6 West 12th Street, room 002 (in the basement)
Urban Undercurrents (an extension of the New School course, The City through the Body) explores sensuous encounters in and with the city with the understanding that particular smells, sounds, visions, textures and tastes mark cities as sensory environments that cultivate hedonism, pleasure, imagination and desire. The event’s installations, performances and activities ask: How can we enact mystical and imaginative readings of the city? How might these readings divine what lies beneath the surface?
Taking cities as sensory sites, Urban Undercurrents engages strategies we can use to explore the corporeal poetics (and politics) of being in the city. These ‘methods’ highlight our unconscious desire for experience and consider both the routine and the ritualistic in their search for those things that may not be clearly visible, yet palpably register as experience in the city.

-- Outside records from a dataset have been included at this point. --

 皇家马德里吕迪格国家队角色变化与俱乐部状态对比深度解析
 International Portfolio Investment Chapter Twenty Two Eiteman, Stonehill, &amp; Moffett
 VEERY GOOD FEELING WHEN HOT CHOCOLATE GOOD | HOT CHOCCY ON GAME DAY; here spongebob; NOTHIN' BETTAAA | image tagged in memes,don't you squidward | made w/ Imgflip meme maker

As part of the event, Juan Betancurth and Todd Shalom of conceptual walks organization, Elastic City will offer a ‘special preview’ of their walk, 4ever 21. This walk will restore your natural radiance for eternal youth. Participants will ask for and receive timeless tips from Manhattan’s landmarks and lodestars as the group engages in a series of site-specific rites in Midtown. (For the walk, meet on the NE corner of 47th and 6th at 6:30 p.m. See http://elastic-city.com/walks/4ever-21 for more details. RSVP required for the walk: info@elastic-city.com).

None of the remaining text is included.